## Data provided
=== Begin Enclosure ===

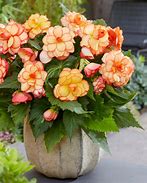 Image result for Begonia Picotee -geel-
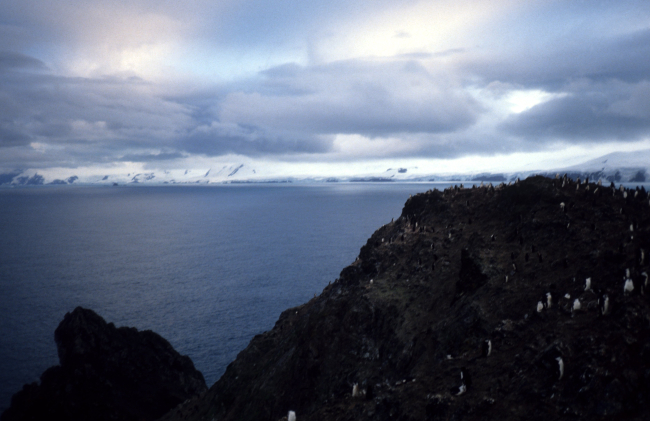 A cliffside colony of chinstrap penguins at Seal Island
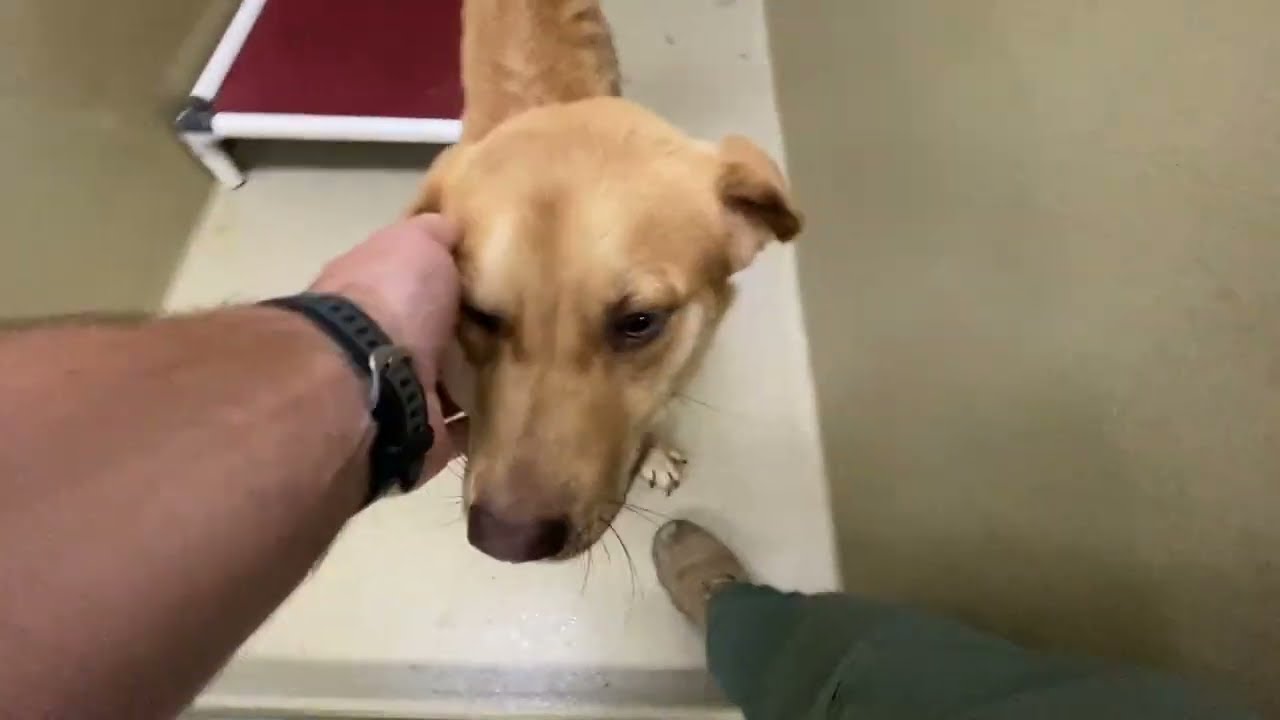 Reggie, an adopted mixed breed in Monroe, GA video 3/4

=== End Enclosure ===

## Task item
Reproduce the listing verbatim, pictures excluded.

## Answer space
 Image result for Begonia Picotee -geel-
 A cliffside colony of chinstrap penguins at Seal Island
 Reggie, an adopted mixed breed in Monroe, GA video 3/4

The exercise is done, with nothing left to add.